The contract to build the Zaha Hadid and Aecom-designed Al Wakrah stadium will be the first to incorporate contractual standards to enforce the workers’ charter, the supreme committee said.
But Sail Shetty, secretary general of Amnesty International, urged the Qatar government, FIFA, the Qatar 2022 organising committee and domestic and international companies working in Qatar to do more to end exploitation of workers.
He urged companies to “be proactive” and “not just take action when abuses are drawn to their attention”, adding: “Turning a blind eye to any form of exploitation is unforgivable, particularly when it is destroying people’s lives and livelihoods.”
UK firms Gardiner & Theobald, Arup, Zaha Hadid and EC Harris are all working on plans for Qatar World Cup 2022 venues and infrastructure, while dozens of other UK firms operate in the country.
Amnesty did not mention any UK firms in its report.
Shetty said the Qatar 2022 World Cup offered the Qatari government a “unique chance to demonstrate on a global stage that they are serious about their commitment to human rights” and become a “role model” for the region.
Qatar is experiencing mass migration of workers, at a rate of 20 an hour, mainly from south and south east Asia, to meet the demands of its booming construction sector.
Many of these migrant workers are recruited under Qatar’s ‘kafala’ system, whereby migrant workers are subjected to strict controls by their employer, or ‘sponsor’, leaving some workers unable to leave the country or change jobs without their employers’ permission.
Amnesty called for Qatar to overhaul the kafala system.
Amnesty researchers interviewed “dozens” of migrant construction workers employed under the kafala system who were prevented from leaving Qatar for many months by their employers.
One Nepalese worker told Amnesty: “Please tell me - is there a way out of here? … We are going totally mad.”
He said he had been unpaid for seven months and prevented from leaving Qatar for three months.
Amnesty said it found cases that constituted forced labour, where workers were “living in fear of losing everything”, threatened with penalty fines, deportation or loss of income if they did not turn up to work, even though they were not being paid.
Researchers also found workers who were suffering from severe psychological distress, with some on the brink of suicide.
Nepalese workers on one project - which Amnesty said was associated with FIFA’s planned Qatar 2022 World Cup headquarters - told researchers they were “treated like cattle” and required to work up to 12 hours a day seven days a week during Qatar’s searingly hot summer months.

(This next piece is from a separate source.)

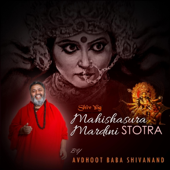 ShivYog Chants Mahishasura Mardini Stotra (Aye Giri Nandini)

Amnesty said there was a culture of violating labour standards in the Qatari construction sector and discriminatory attitudes towards migrant workers were “common”.
Amnesty said its researchers overheard one manager at a construction firm refer to the workers as “the animals”.
Qatar’s labour protection laws are not adequately enforced and are “routinely flouted” by companies, Amnesty said.
Many workers reported poor health and safety standards at work, while a representative at Doha’s main hospital told Amnesty earlier this year more than 1,000 people had been admitted to the trauma unit having suffered falls from height at work, with a “significant” mortality rate.
Amnesty researchers also found migrant workers living in “squalid, overcrowded accommodation” with no air conditioning, exposed to overflowing sewage or uncovered septic tanks.
Amnesty found migrant construction workers often work for SME subcontractors that are sometimes not adequately vetted by companies further up the supply chain.
Amnesty said it contacted several major companies about its findings and some had carried out investigations as a result, while one company had tightened up its inspection regime.